It is clear that Congress intended the Fair Labor Standards Act to
be broad in its scope. ``Breadth of coverage is vital to its mission.''
(Powell v. U.S. Cartridge Co., 339 U.S. 497.) An employer who claims an
exemption under the Act has the burden of showing that it applies.
(Walling v. General Industries Co., 330 U.S. 545; Mitchell v. Kentucky
Finance Co., 359 U.S. 290; Fleming v. Hawkeye Pearl Button Co., 113 F.

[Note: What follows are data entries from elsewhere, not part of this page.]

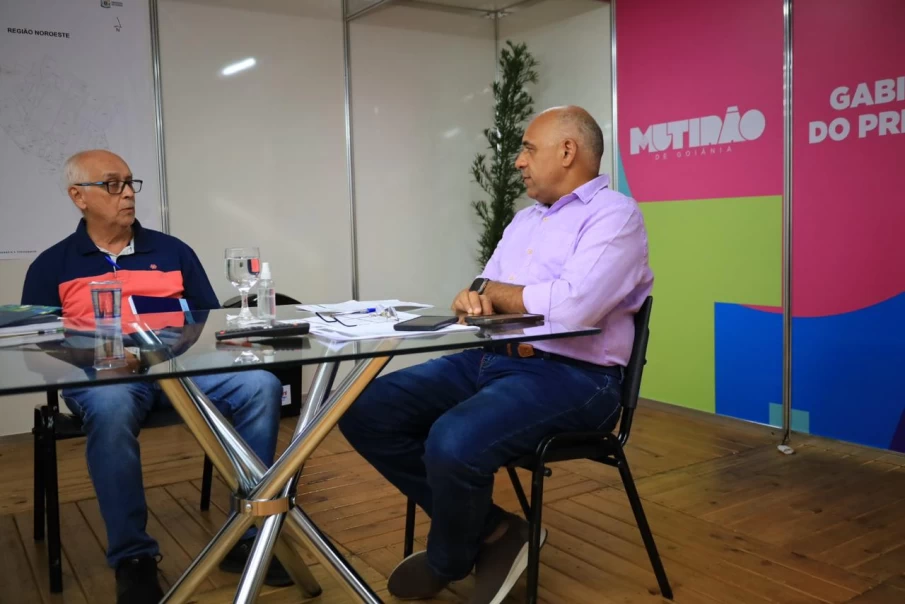 O prefeito de Goiânia, Rogério Cruz, continua a atender os moradores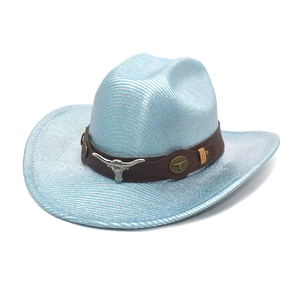 Détail d'un chapeau de cowboy bleu clair avec revêtement argenté et décor de taureau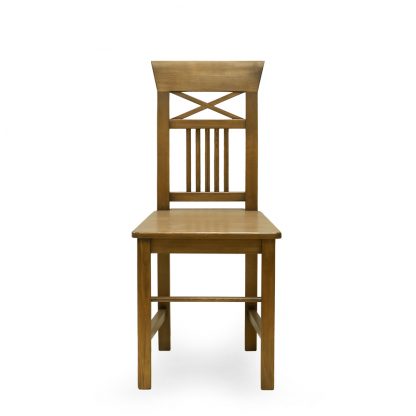 Nízká patinovaná rustikální židle.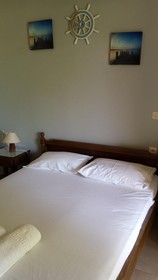Leonidas Rooms & Studios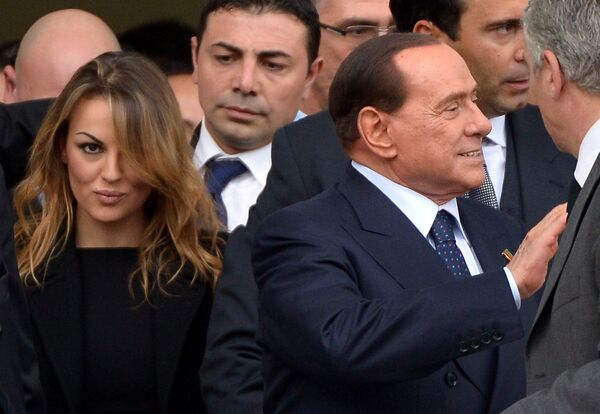 Ex-primeiro-ministro italiano Silvio Berlusconi e sua namorada Francesca Pascale, novembro 16, 2013 - Sputnik Brasil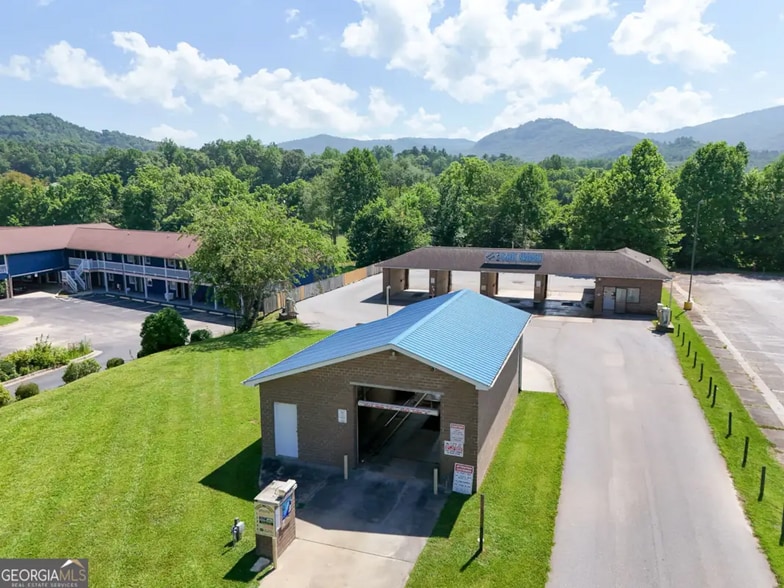 36 Royalty Ln, Dillard, GA for sale - Building Photo - Image 2 of 16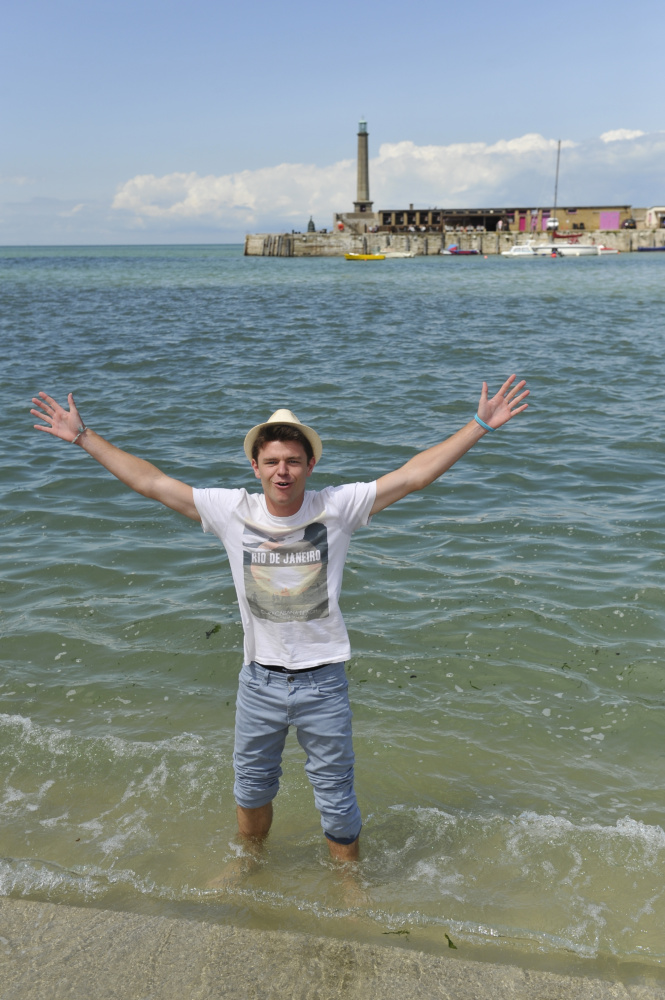 (c)PhilHoughton/07428170222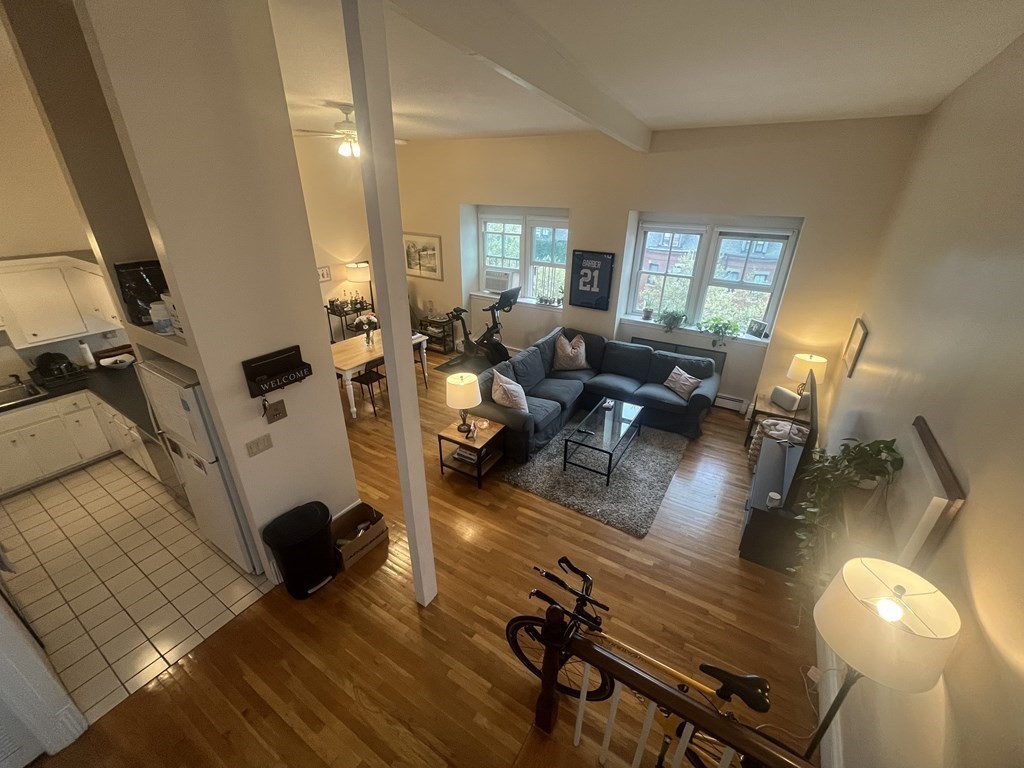 533 Massachusetts Ave, South End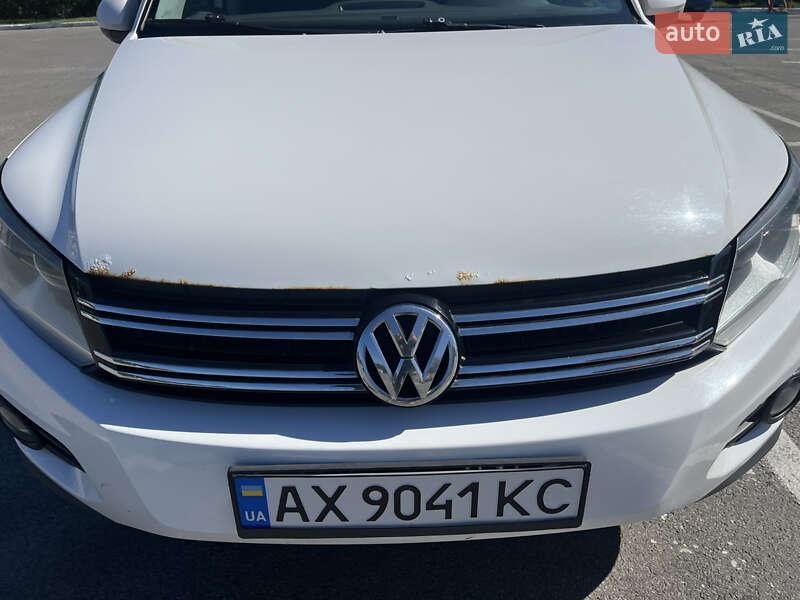 Внедорожник / Кроссовер Volkswagen Tiguan 2013 в Харькове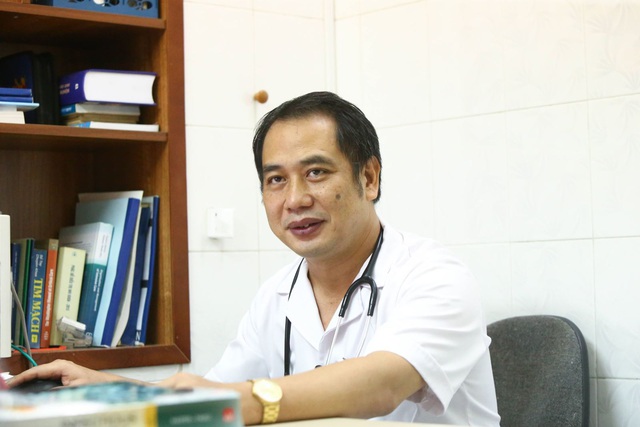 Nghe Bác sĩ Nguyễn Trung Cấp kể về những ngày đầu “đối mặt” với COVID-19 - Ảnh 1.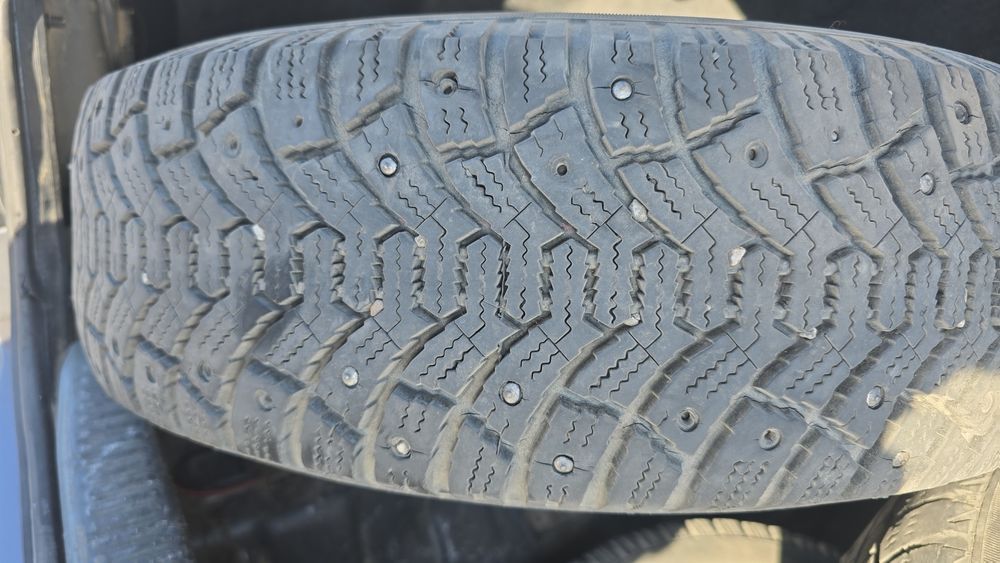 Продаю зимние шины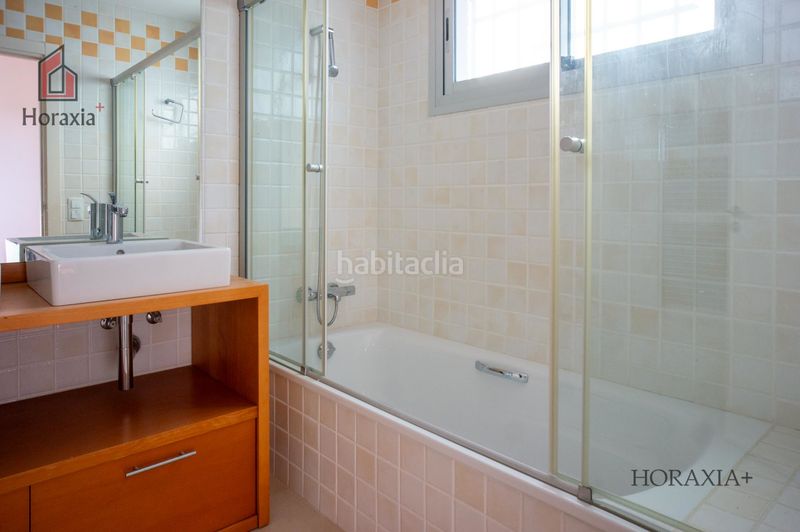 Foto bfc3be04-4e83-4e7d-8613-3e238624cadc. Casa amb calefacció aparcament a Bellamar Castelldefels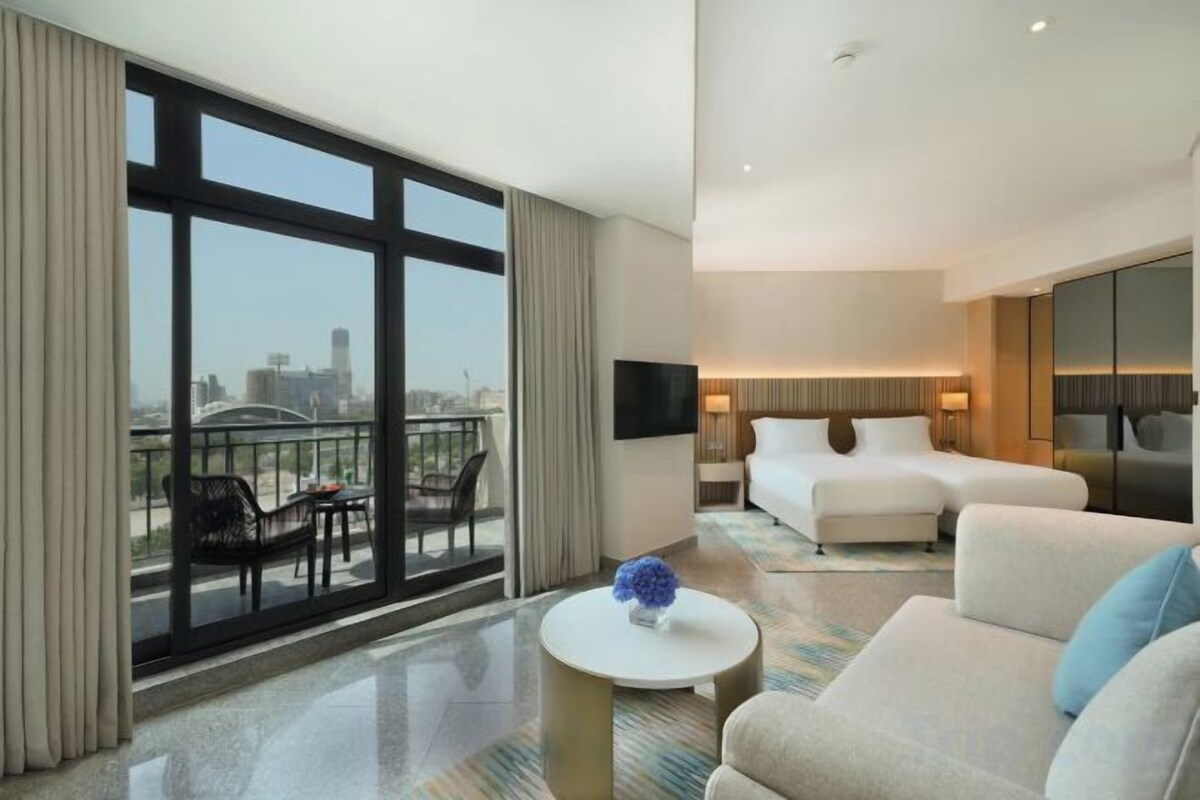 Spacious Room with Balcony - Twin Beds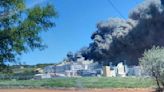 Aparatoso incendio en una granja avícola en San Lorenzo de la Parrilla: hay un herido con quemaduras leves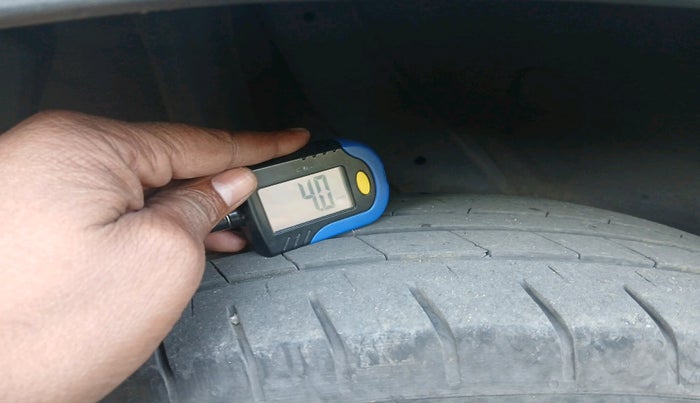 2023 Hyundai VENUE S 1.2, Petrol, Manual, 52,564 km, tyre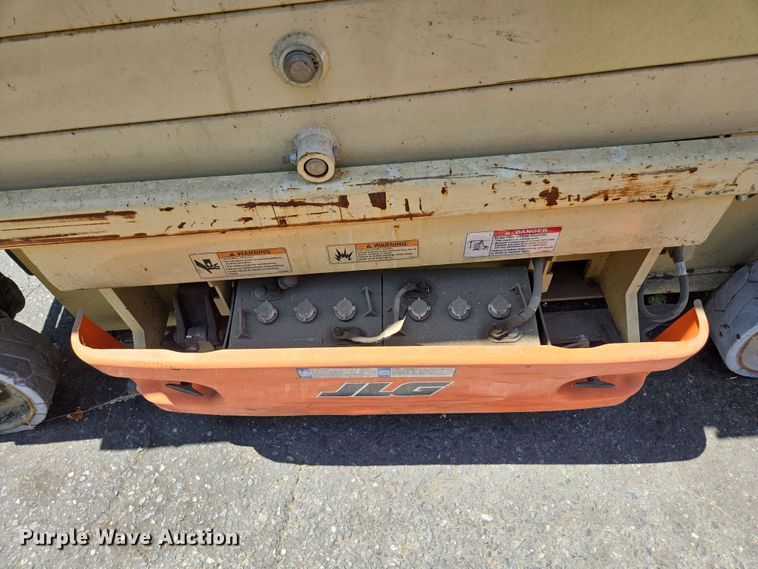 image for item EC1146 2013 JLG Industries 2630 ES scissor lift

2d 52.) Conditions specified in the language of the Act are ``explicit
prerequisites to exemption.'' (Arnold v. Kanowsky, 361 U.S. 388.) ``The
details with which the exemptions in this Act have been made preclude
their enlargement by implication.'' (Addison v. Holly Hill, 322 U.S. 60;
Maneja v. Waialua, 349 U.S. 254.) Exemptions provided in the Act ``are
to be narrowly construed against the employer seeking to assert them''
and their application limited to those who come plainly and unmistakably
within their terms and spirit; this restricted or narrow construction of
the exemptions is necessary to carry out the broad objectives for which
the Act was passed. (Phillips v. Walling, 324 U.S. 490; Mitchell v.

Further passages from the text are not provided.